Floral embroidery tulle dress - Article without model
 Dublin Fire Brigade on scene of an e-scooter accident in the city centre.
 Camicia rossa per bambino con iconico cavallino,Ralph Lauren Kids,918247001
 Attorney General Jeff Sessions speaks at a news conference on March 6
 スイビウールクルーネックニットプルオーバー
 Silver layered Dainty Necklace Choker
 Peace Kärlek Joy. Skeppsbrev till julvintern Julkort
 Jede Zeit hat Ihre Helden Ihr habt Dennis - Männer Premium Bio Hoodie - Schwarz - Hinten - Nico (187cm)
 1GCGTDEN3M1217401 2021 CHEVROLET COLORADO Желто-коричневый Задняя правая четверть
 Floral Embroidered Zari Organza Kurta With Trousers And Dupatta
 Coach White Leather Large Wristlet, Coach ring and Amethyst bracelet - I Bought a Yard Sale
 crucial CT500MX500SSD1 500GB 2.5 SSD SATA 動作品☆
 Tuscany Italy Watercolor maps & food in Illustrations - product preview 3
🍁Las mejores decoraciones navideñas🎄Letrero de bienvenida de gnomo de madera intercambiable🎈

▶ **Your objective**
Everything from the first line of the records above through the line containing "crucial CT500MX500SSD1 500GB" should be restated word for word; leave out all other lines.

▶ **Task result**
Floral embroidery tulle dress - Article without model
 Dublin Fire Brigade on scene of an e-scooter accident in the city centre.
 Camicia rossa per bambino con iconico cavallino,Ralph Lauren Kids,918247001
 Attorney General Jeff Sessions speaks at a news conference on March 6
 スイビウールクルーネックニットプルオーバー
 Silver layered Dainty Necklace Choker
 Peace Kärlek Joy. Skeppsbrev till julvintern Julkort
 Jede Zeit hat Ihre Helden Ihr habt Dennis - Männer Premium Bio Hoodie - Schwarz - Hinten - Nico (187cm)
 1GCGTDEN3M1217401 2021 CHEVROLET COLORADO Желто-коричневый Задняя правая четверть
 Floral Embroidered Zari Organza Kurta With Trousers And Dupatta
 Coach White Leather Large Wristlet, Coach ring and Amethyst bracelet - I Bought a Yard Sale
 crucial CT500MX500SSD1 500GB 2.5 SSD SATA 動作品☆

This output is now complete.